GLM-OCR is a multimodal OCR model for complex document understanding, built on the GLM-V encoder–decoder architecture. The model integrates the CogViT visual encoder pre-trained on large-scale image–text data, a lightweight cross-modal connector with efficient token downsampling, and a GLM-0.5B language decoder.

image.png

Usage

Text recognition

ollama run glm-ocr Text Recognition: ./image.png

Table recognition

ollama run glm-ocr Table Recognition: ./image.png

Figure recognition

ollama run glm-ocr Figure Recognition: ./image.png

Key features

  • State-of-the-Art Performance: Achieves a score of 94.62 on OmniDocBench V1.5, ranking #1 overall, and delivers state-of-the-art results across major document understanding benchmarks, including formula recognition, table recognition, and information extraction.

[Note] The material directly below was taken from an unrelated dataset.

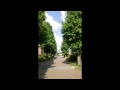小柳ルミ子    夏に萌えて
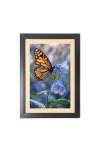 The beautiful butterfly Photo Frame Funny Animal and Bird Cartoon Art, Black color, 11x15 Inch The beautiful butterfly Photo Frame Funny Animal and Bird Cartoon Art, Black color, 11x15 Inch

  • Optimized for Real-World Scenarios: Designed and optimized for practical business use cases, maintaining robust performance on complex tables, code-heavy documents, seals, and other challenging real-world layouts.

  • Efficient Inference: With only 0.9B parameters, GLM-OCR supports deployment via vLLM, SGLang, and Ollama, significantly reducing inference latency and compute cost, making it ideal for high-concurrency services and edge deployments.

  • Easy to Use: Fully open-sourced and equipped with a comprehensive SDK and inference toolchain, offering simple installation, one-line invocation, and smooth integration into existing production pipelines.